Armed with a truer measure of stockouts a company can confidently size their stockout problem by
calculating “lost sales” and then take the next step by calculating lost gross margin and adding incremental
expenses (historically) to fill in stockouts in order to calculate bottom-line impact to the company's income
statement. Knowing the actual bottom-line costs associated with the company's true stockout rate will
inform the senior management as they prioritize initiatives to reduce stockouts against other corporate
initiatives competing for corporate attention and resources.
On a more immediate and tactical level, visibility to daily stockouts at the SKU/store level can enable
pinpoint supply chain actions like increasing store receipt frequency or changing the delivery days of store
receipts by store to better match supply with demand.
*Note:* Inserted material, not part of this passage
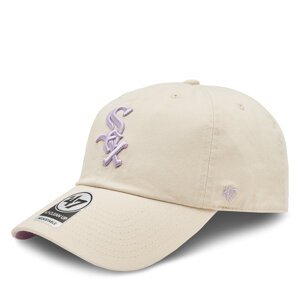 Šilterica 47 Brand Mlb Chicago White Sox Double Under ’47 Clean Up BAS-DBLUN906GWS-NT03 Bež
Another benefit of developing an accurate stockout measure compiled at the day/SKU/store level is that
the senior management team will likely trust the veracity of this metric given the thought and rigor
employed in developing it. This will be helpful initially in galvanizing the senior management team to
support discrete efforts to reduce stockouts in the stores. After these efforts are launched to reduce store
stockouts, reporting the day/SKU/store stockout measure will reflect exactly where real progress is or isn't
occurring.
A QUERY TO PREVENT FUTURE STOCKOUTS THROUGH ALLOCATION
Every week, several times per week, allocators review the company's sales performance (usually with
system support) and then conduct the process of allocation – invoking the systems commands that release
specific DC held SKU quantities into the DC work flow to be processed and ultimately transported to the
store. Depending on the amount of system support on the front end, this process can be laborious as each
allocator is responsible for allocating a sizeable number of SKUs multiplied by the number of stores in the
fleet.
One way to assist (or follow up) on the allocation team is to develop and run a data query addressing each
and every SKU in every store to determine whether or not further (after the formal allocation process has
been completed) action should be taken to prevent a stockout in the near future. To create this query onewill need to extract current and historical store onhand inventory data and sales history at the
SKU/Store/week level, and DC onhand and intransit data for every SKU from various corporate data bases.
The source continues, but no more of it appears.